### ABOUT THIS TASK
Give back every record below in full and exactly, but without a single image.

### ENTRIES PROVIDED
Content starts

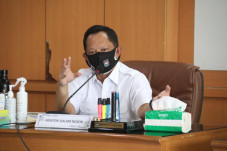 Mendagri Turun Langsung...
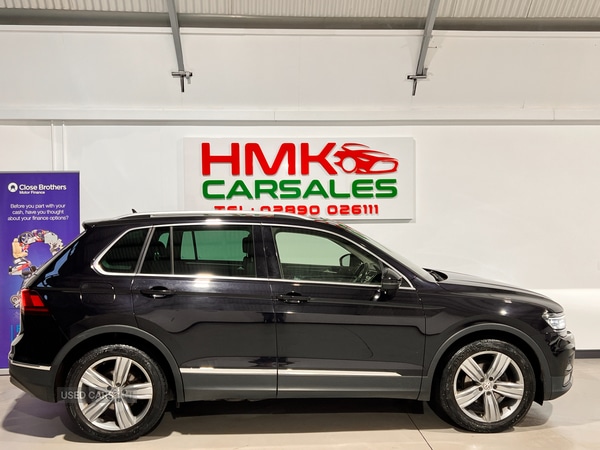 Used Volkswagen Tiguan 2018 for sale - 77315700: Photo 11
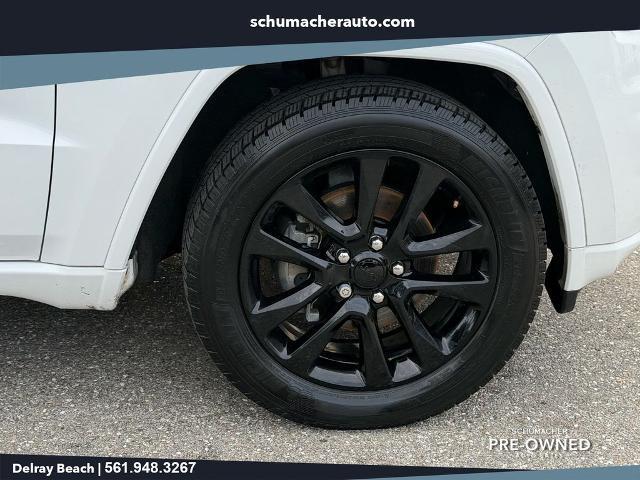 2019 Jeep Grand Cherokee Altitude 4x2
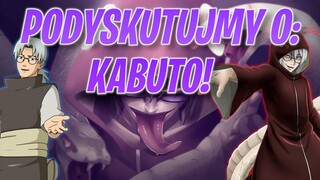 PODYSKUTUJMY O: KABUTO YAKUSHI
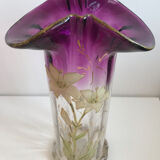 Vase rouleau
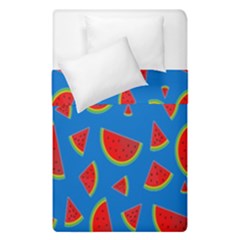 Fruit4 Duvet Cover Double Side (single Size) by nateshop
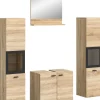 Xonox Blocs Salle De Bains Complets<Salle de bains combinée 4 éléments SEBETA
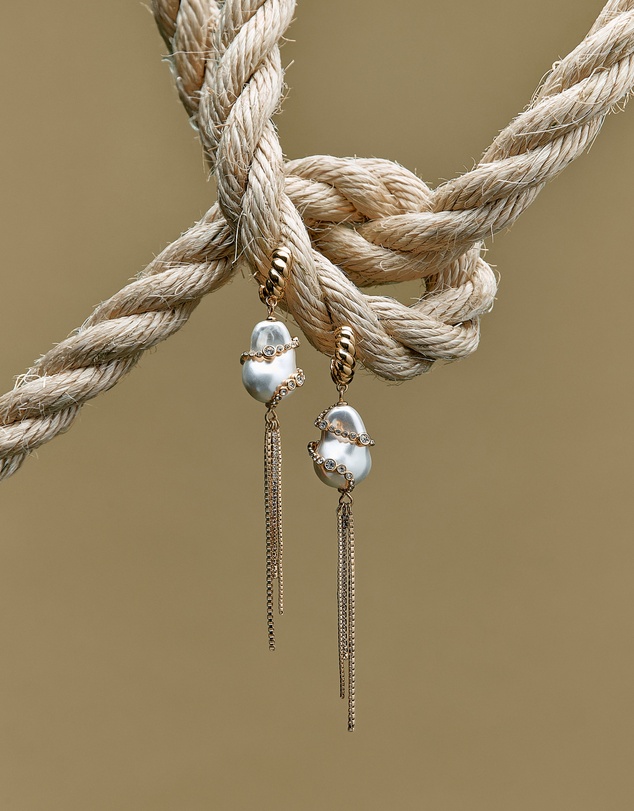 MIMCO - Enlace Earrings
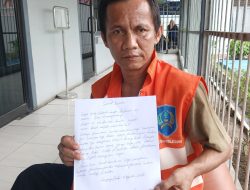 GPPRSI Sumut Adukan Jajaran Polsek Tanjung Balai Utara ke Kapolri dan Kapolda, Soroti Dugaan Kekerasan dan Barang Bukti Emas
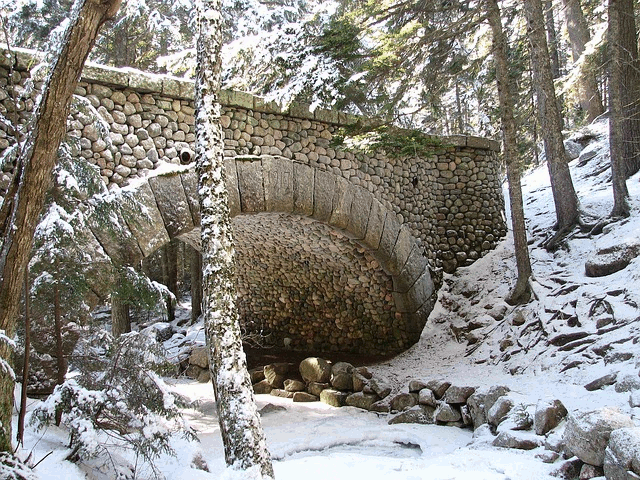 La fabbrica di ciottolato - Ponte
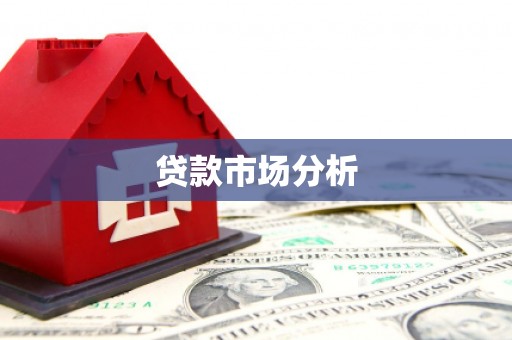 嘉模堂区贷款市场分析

Content ends

### EXERCISE RESPONSE
 Mendagri Turun Langsung...
 Used Volkswagen Tiguan 2018 for sale - 77315700: Photo 11
 2019 Jeep Grand Cherokee Altitude 4x2
 PODYSKUTUJMY O: KABUTO YAKUSHI
 Vase rouleau
 Fruit4 Duvet Cover Double Side (single Size) by nateshop
 Xonox Blocs Salle De Bains Complets<Salle de bains combinée 4 éléments SEBETA
 MIMCO - Enlace Earrings
 GPPRSI Sumut Adukan Jajaran Polsek Tanjung Balai Utara ke Kapolri dan Kapolda, Soroti Dugaan Kekerasan dan Barang Bukti Emas
 La fabbrica di ciottolato - Ponte
 嘉模堂区贷款市场分析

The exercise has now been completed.